Não haveria Rui Reininho e a sua “Pronúncia do Norte”, nem Pedro Abrunhosa e o seu “Momento” ou Jorge Palma e “Encosta-te a Mim”, o “Ó gente da minha terra” de Mariza, o “Fado Tropical” de Chico Buarque.
Fernando Pessoa não seria o que é, nem a “Mensagem”. Camões e “Os Lusíadas” seriam talvez desconhecidos, literatura esquecida ou clandestina.
Veríamos filmes dobrados – em Castelhano.
O Fado não seria Património Imaterial da Humanidade. Não existiria sequer o fado, antes outra coisa qualquer de sonoridade espanhola.
Já não teríamos declarado o sobreiro árvore nacional. Não seríamos o maior produtor mundial de cortiça – seria Espanha.
O nosso porco preto alentejano seria porco ibérico para toda a vida, sem apelo nem agravo.
Teríamos centrais nucleares na bacia do Tejo – e talvez também na do Douro –, não só do lado de lá, mas do lado de cá.
Não haveria lado de cá e lado de lá.
A política espanhola de transvases, afectando os nossos rios, estaria aí em pleno.
Não haveria D. João IV, nem D. João V e o seu Convento de Mafra, nem D. João VI e a originalidade fundadora da corte no Brasil.
Não haveria o próprio Brasil. Em lugar dessa criação do génio e do acaso português, teriam surgido outras coisas, fruto de colonizações retalhadas de holandeses, franceses, espanhóis e ex-portugueses falando espanhol. Não haveria o samba e a bossa nova.
Não haveria Angola, nem Moçambique. O espaço de Moçambique estaria repartido por países anglófonos; e no de Angola seria outro retalho qualquer de colonizações holandesa, alemã, francófona, talvez espanhola. São Tomé e Príncipe estaria na Guiné Equatorial, como Fernando Pó e Ano Bom. A Guiné-Bissau moraria na francofonia; Cabo Verde provavelmente também. Não haveria a morna, nem a coladeira, talvez o zouk de Guadalupe e Martinica. Timor seria holandês e, portanto, indonésio. Macau teria logo acabado, pouco depois de ser.

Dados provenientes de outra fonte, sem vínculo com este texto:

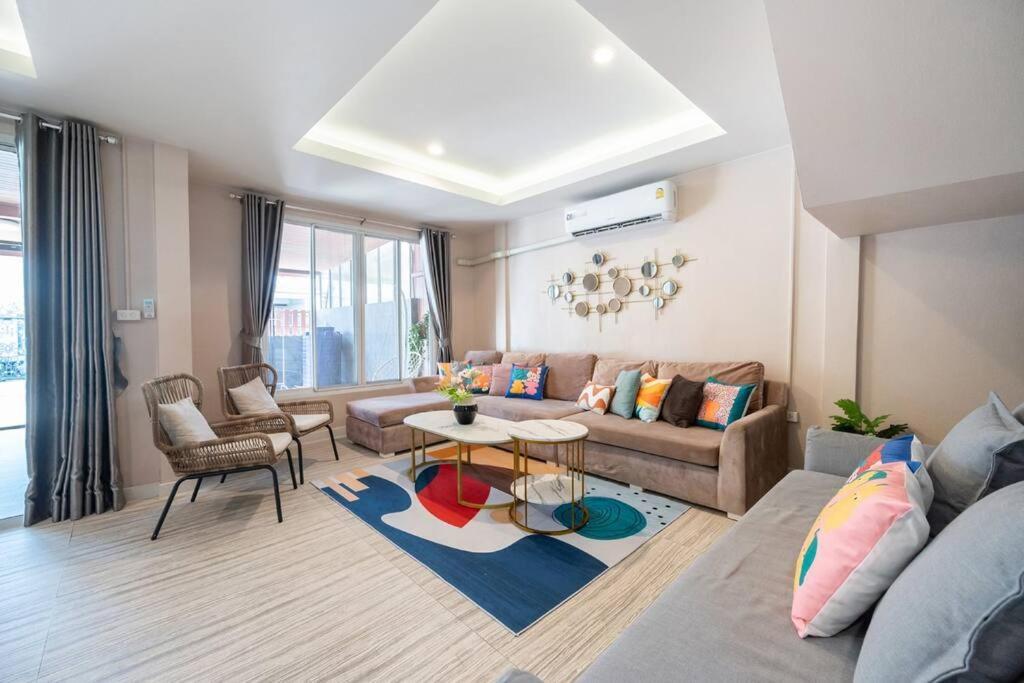 Villa Miq 142 Huai Khwang_new4br/jodd Fair Bangkok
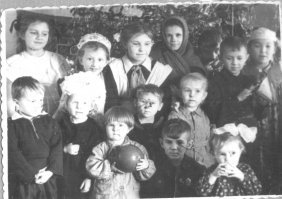 был обычай собирать соседскую детвору на елки . покупались недорогие наборы сладостей и клеили пакетики из газет.  танцевали играли . взрослые  наряжались дедом морозом и снегурочкой. и так  по всем знакомым  . вот фото - такой праздник у нас дома. потом на следующий день к другим шли  и так почти все каникулы.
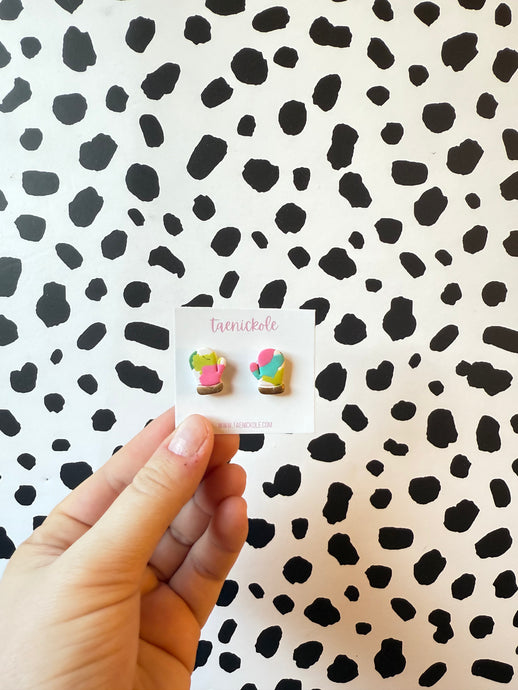 Whoville | Mitten Studs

Não teria havido a guerra de África – não teria havido Ultramar ou colónias. Não existiria a CPLP. Nem haveria sequer o Fórum Ibero-Americano, antes qualquer coisa hispano-americana.

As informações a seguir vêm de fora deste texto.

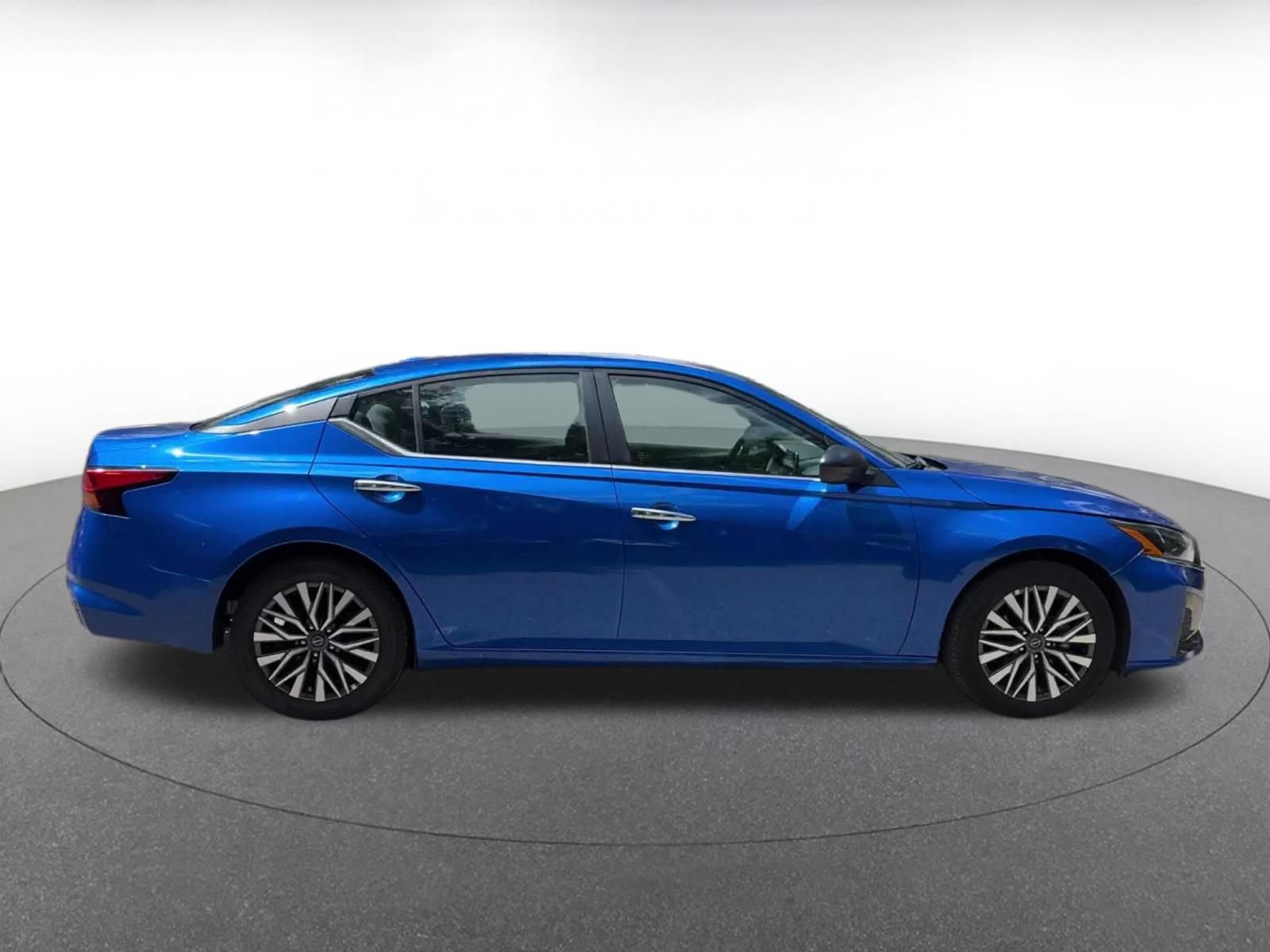 Used 2025 Nissan Altima 2.5 SV FWD image 13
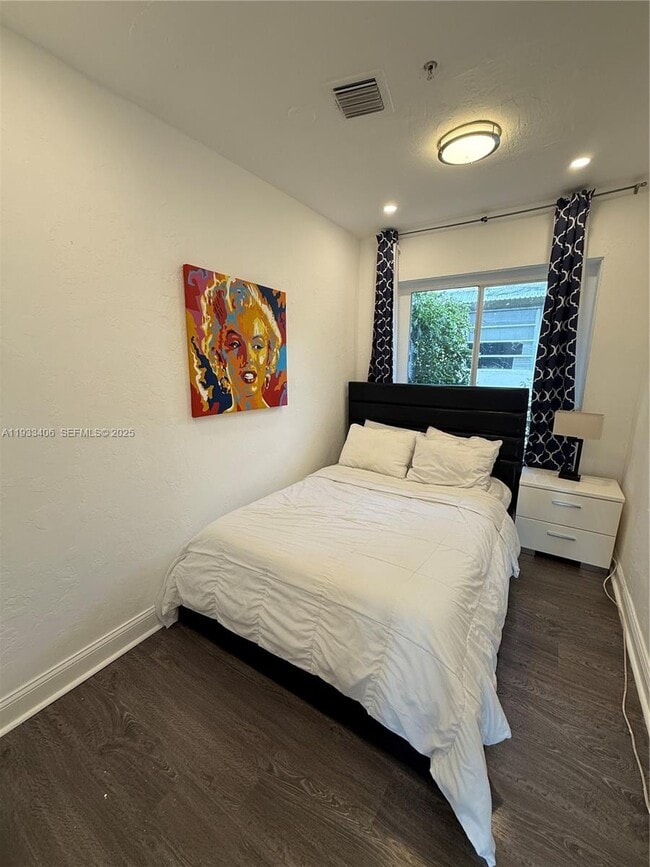 Building Photo - 1540 Jefferson Ave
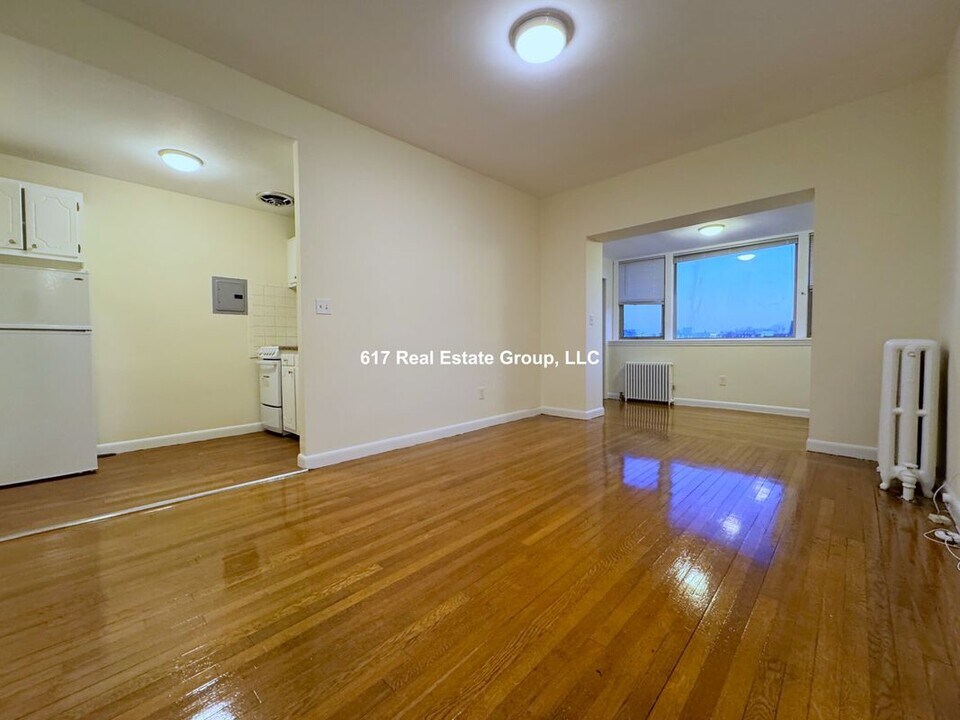 1315 Commonwealth Ave in Boston, MA - Building Photo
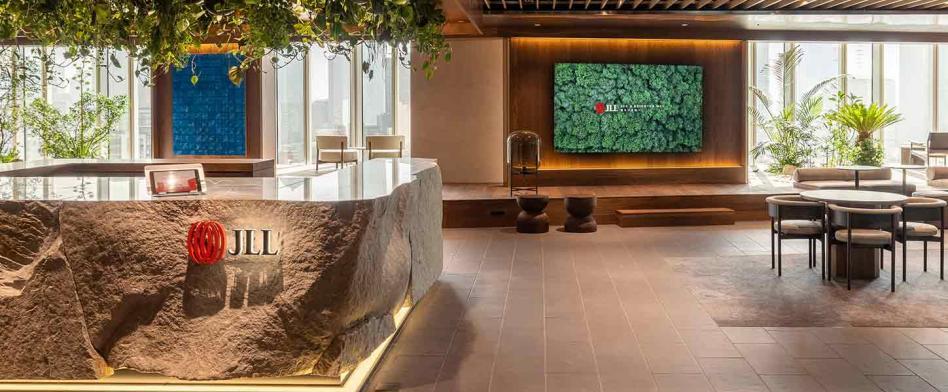 ジョーンズラングラサールのヘッダー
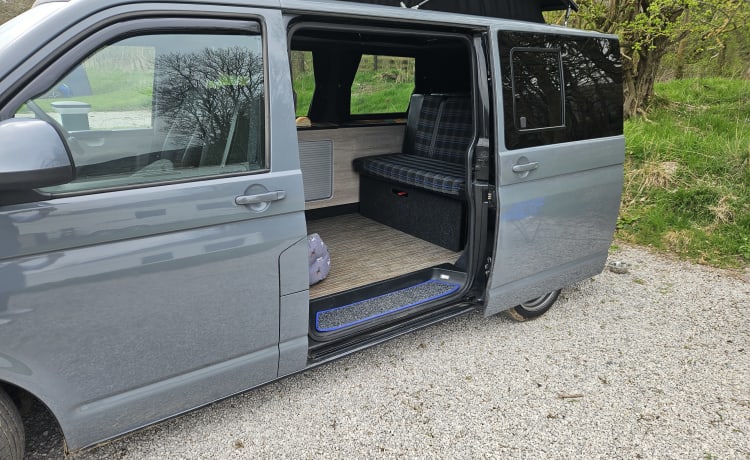 Frank. – Camper Volkswagen a 4 posti letto del 2004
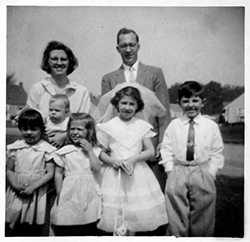 Donald and Audrey Hauprich with first five children in 1956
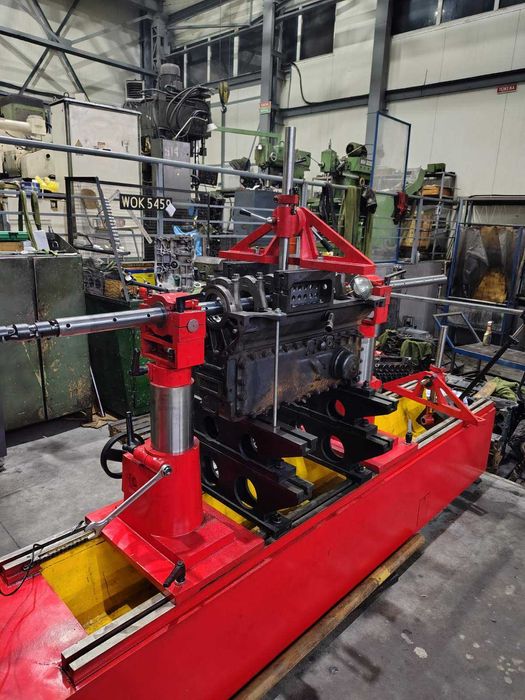 Ремонт деталей двигунів легкових та вантажних автомобілів.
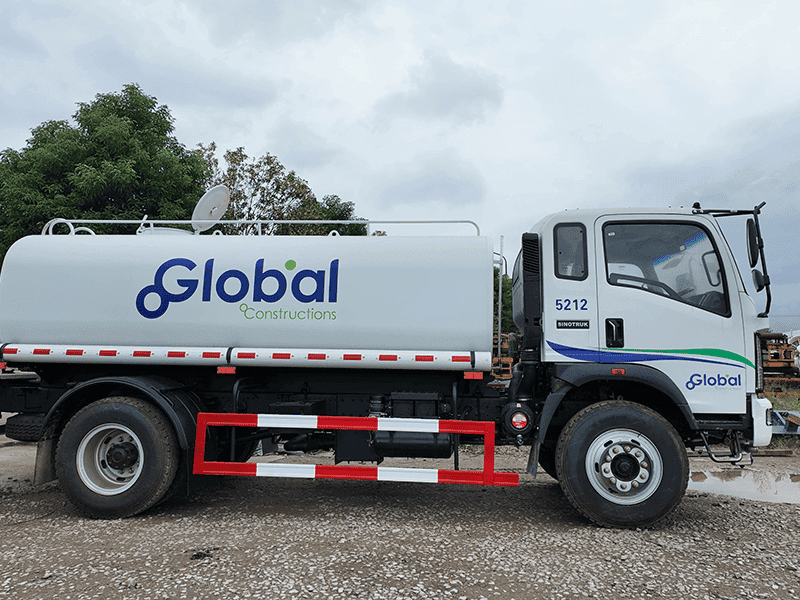 SINOTRUK HOWO 4×2 Light Truck Water Sprinkler-1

Não haveria o navio-escola “Sagres”. O nosso mar português não seria.
Não teríamos o Eusébio. Não teríamos festejado o louco terceiro lugar do Mundial de Inglaterra 1966, mas alguns teriam celebrado a Espanha campeã do Mundo na África do Sul 2010. O Benfica e o Porto provavelmente nunca teriam sido campeões europeus. A Académica nunca teria ganho a Taça de Portugal – não haveria Taça de Portugal. Com sorte, Benfica, Porto, Sporting, outro, poderiam ter ganho a Copa Generalíssimo ou a Taça do Rei.

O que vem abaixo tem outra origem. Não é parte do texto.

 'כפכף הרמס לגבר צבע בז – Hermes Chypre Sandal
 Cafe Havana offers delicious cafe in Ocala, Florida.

Não haveria Cardeal Patriarca de Lisboa, título do século XVIII. Não haveria um só cardeal português no Consistório de Roma. Não existiria a Conferência Episcopal – os nossos bispos estariam na conferência espanhola.
Teria havido o terramoto de 1755, mas não o Marquês de Pombal, nem a baixa pombalina. As invasões francesas teriam sido uma passeata com cicerone espanhol. Não haveria a questão de Olivença – seríamos todos nós Olivença.
Teríamos tido na mesma as lutas liberais, mas não entre D. Pedro e D. Miguel, antes envolvidos nas longas guerras do carlismo. Não teríamos tido nem Afonso Costa, nem Salazar, mas dois breves episódios republicanos, um fugaz no século XIX, outro nos anos ’30 do século XX, seguido da guerra. Teríamos tido a Guerra Civil, seguida do Generalíssimo e da restauração monárquica com rei espanhol. Teríamos sofrido o terrorismo da ETA.
Não haveria Cavaco Silva, presidente; nem, antes, Jorge Sampaio, Mário Soares, ou Ramalho Eanes. Seria D. Juan Carlos; e, hoje, Filipe VI de Espanha – talvez Filipe V de Portugal, se permanecesse a formalidade dos reinos separados e da monarquia dual, o que é duvidoso.
Não teríamos Passos Coelho, nem Paulo Portas, antes Mariano Rajoy e Garcia-Margallo ou Soraya Sáenz de Santamaría.
Não teríamos Ministério dos Negócios Estrangeiros – seríamos somente um negócio de estrangeiros.
Não teríamos Assembleia da República, apenas as Cortes Generales.
Aqui chegados, eu compreendo perfeitamente que as Cortes de Madrid chumbassem o nosso feriado do 1º de Dezembro, primeiro o Congresso dos Deputados, logo a seguir o Senado. Mas a Assembleia da República fazer isso? Não pode ser.